セクターとクラスターとは
ハードディスクドライブ(内部)では、幾つかのパーツで構成されています。中でも磁気ヘッドは記録面のプラッタに記録されたデータを読み取る重要なパーツです。この磁気ヘッドはプラッターのヘッド面とは接触していません。プラッターが超高速で回転しているため、ヘッド面に薄い空気の膜ができて浮いているのです。
磁気ヘッド同様に重要なのが、データが記録されるプラッタですが、プラッタはデータを格納するために幾つかの単位で分割されています。例えば、「トラック」とは下記の図のようにヘッド面にある同心円状の円周のことです。このトラックを分割したのがクラスターです。
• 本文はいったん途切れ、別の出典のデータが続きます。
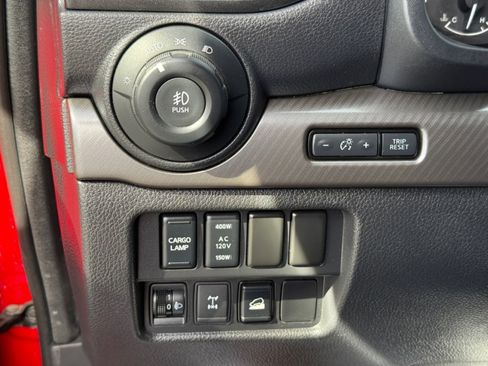 Used 2020 Nissan Titan PRO-4X image 33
さらにクラスターを分割した部分がセクターです。クラスターはOSやハードディスクの 容量によってサイズが異なります。
尚、厳密にいえば、セクターを集めたものがクラスターです。クラスターとは「束」の意味があります。パソコン用語でクラスターという場合、セクターを束ねたものという意味で使われます。1クラスターは4セクターや8セクターで構成されています。
WindowsXPなどのNTFSファイルシステムの場合、1クラスターは8セクターで構成されています。
ハードディスクの書き込みと処理
ハードディスクにデータを書き込む際には、1つのブロックは、512バイトを1セクターとして複数のセクターを1クラスターという単位でメモリーを経由してプログラムにデータを渡して処理します。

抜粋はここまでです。